By Chinta Strausberg, Chicago Crusader

Now that the House and Senate have passed the Automatic Voter Registration (AVR) bill, Rev. Jesse Jackson said once Gov. Bruce Rauner signs the bill, the next fight is to get a Constitutional right to vote, but he’s more concerned about GOP voter suppression.

The fight comes as Jackson’s Rainbow PUSH Coalition prepares to hold its 46th annual Citizenship Education Fund International Convention July 12-15 at the Hilton Chicago, 720 S. Michigan Avenue.

Anticipation is building in Chicago where Jackson aims to address voter suppression and health care for the poor and elderly. While Jackson eagerly waits for Rauner to sign the Automatic Voter Registration bill making Illinois the ninth state to have automatic voter registration, he says President Trump’s tweets criticizing the media and grabbing headlines are nothing more than a diversion from his real intentions of voter suppression.

Jackson was referring to Trump’s Election Integrity Commission he created based on his belief that there was massive voter fraud in the last presidential election. While Trump won the Electoral College vote, he lost the popular vote to Democratic challenger Hillary Clinton by nearly three million votes.

Trump’s demands that states send him voter information including social security numbers, date of birth, 10-year voting history, name, address and party affiliation, has been met with resistance from at least 41 states that are refusing to turn over that confidential information.

At an editorial board meeting at the Chicago Crusader, Jackson called the states’ reluctance to comply with Trump’s demands “sensible,” warning that the list would be a treasure trove of information for cyber thieves. Jackson said the commission “is founded on a lie” and that it “perpetuates a fraud.”

Jackson accused Trump of using the commission to justify his “whopper” that he would have won the popular vote if three to five million voters had not voted fraudulently.

“There is no evidence that anyone of any political stripe can find to back up that lie,” said Jackson. He said the fraudulent voting in the U.S. is “rare, isolated and insignificant.”

Jackson says the purpose of Trump’s commission is simply to perpetuate a fraud with the goal of instilling “fears about voter fraud to suppress voting to make it harder to register and vote,” especially for working and poor people.

But to add insult to injury, Jackson said the commission is headed by Kansas Secretary of State Kris Kobach, vice chair of the commission, who has a “notorious” reputation of fighting for voter suppression laws along with “feeding fears about illegal immigration,” said Jackson.

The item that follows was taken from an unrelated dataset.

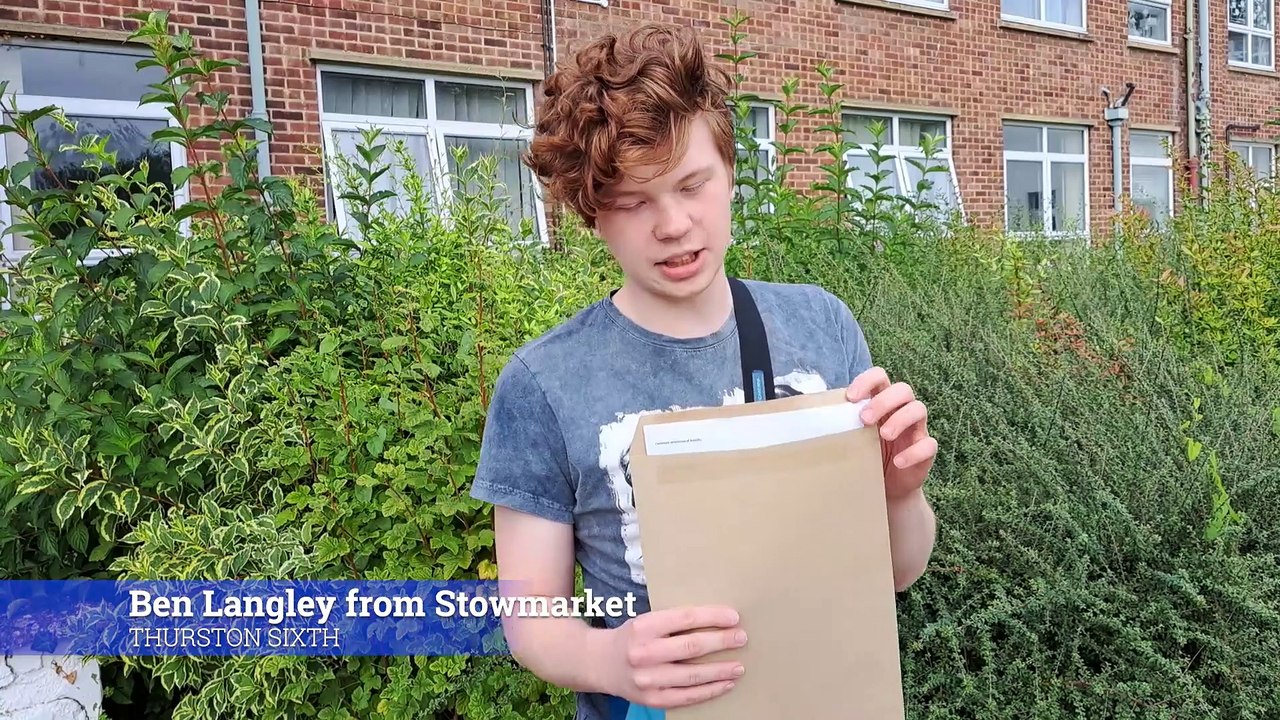 Students celebrate successful A-Level results day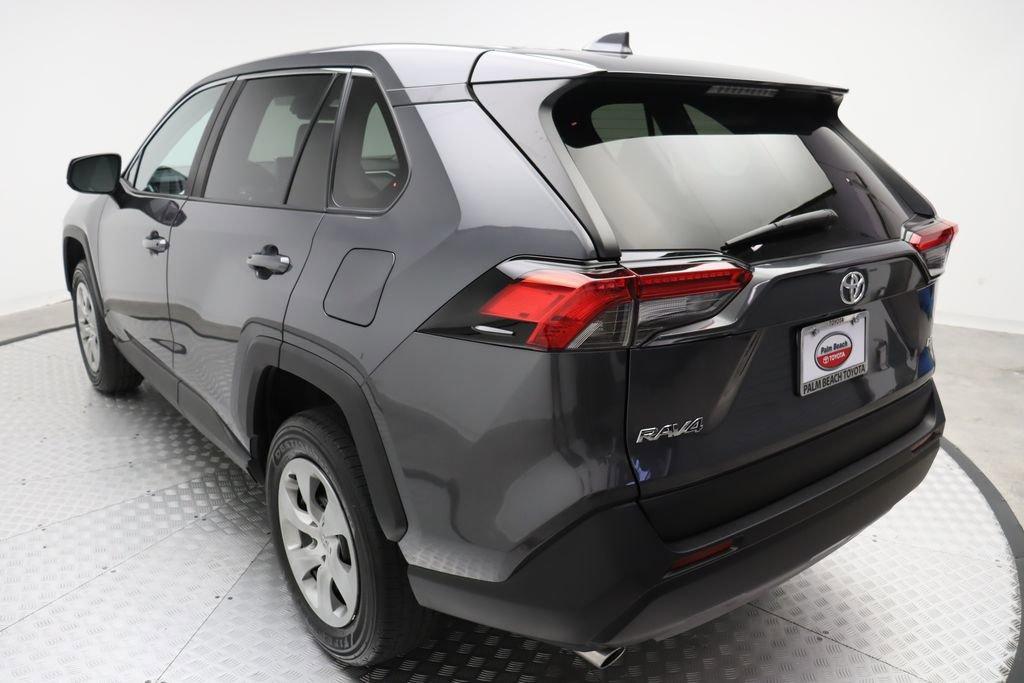 used 2023 Toyota RAV4 car, priced at $25,477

Painting a clear picture and purpose of the commission, Jackson said the move was set up to “push the new Jim Crow voting laws which require picture IDs, curtail early voting, cut back on voting booths, ban Sunday voting and repeal automatic or motor-voter registration.” The commission, Jackson said, “is a fraud, with the real reason to make it harder to vote,” designed to suppress the vote of people of color.

The proof, Jackson said, is from the last election where 40 counties with the largest Black populations were allocated 158 fewer polling places. Trump won Wisconsin by 27,000 votes, but Jackson said about 300,000 couldn’t vote because they lacked the newly required forms of ID. “Turnout in 2016 was the lowest in decades” especially in Milwaukee where Jackson said 70 percent of the state’s Blacks live.  Polling places on many universities were moved miles from the campuses.

The answer to voter suppression, Jackson said, is Automatic Voter Registration, which would put millions of people on the voting rolls. He urged the Democrats to create their own independent commission designed to end voter suppression. “Voting is the essential right in a democracy. It needs to be protected not suppressed,” said Jackson.

He also called for candidates to get their political funds from within their districts, and not outsiders. “People being served should pay for the service in their district.  Somebody of royalty should not be able to buy a state.”